#### [EXERCISE INPUTS]

——

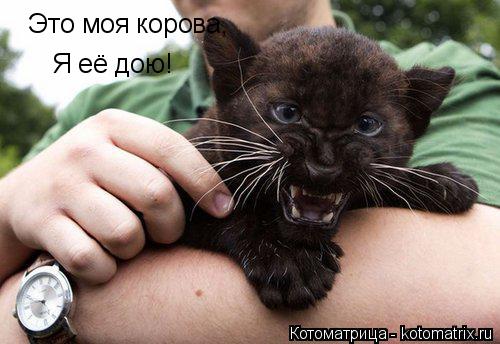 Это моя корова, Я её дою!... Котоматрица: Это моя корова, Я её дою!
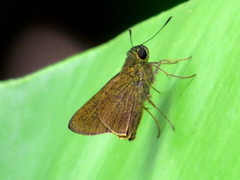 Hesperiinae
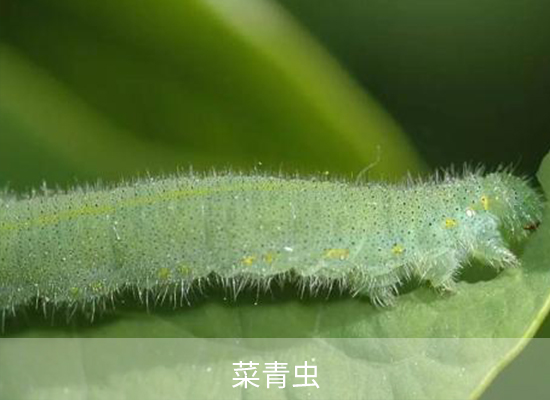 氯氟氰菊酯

——

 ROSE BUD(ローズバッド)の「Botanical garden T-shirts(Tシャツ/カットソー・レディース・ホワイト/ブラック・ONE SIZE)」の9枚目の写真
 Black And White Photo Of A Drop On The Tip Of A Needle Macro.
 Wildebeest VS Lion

——

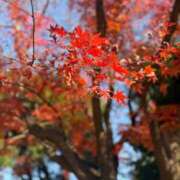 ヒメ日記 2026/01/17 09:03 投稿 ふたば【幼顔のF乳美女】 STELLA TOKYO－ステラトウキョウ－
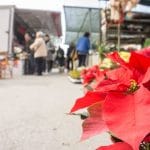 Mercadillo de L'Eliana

——

Each line in the listing above from the one containing "Black And White" through the one containing "Wildebeest VS Lion" should be repeated exactly, and no other line.

 Black And White Photo Of A Drop On The Tip Of A Needle Macro.
 Wildebeest VS Lion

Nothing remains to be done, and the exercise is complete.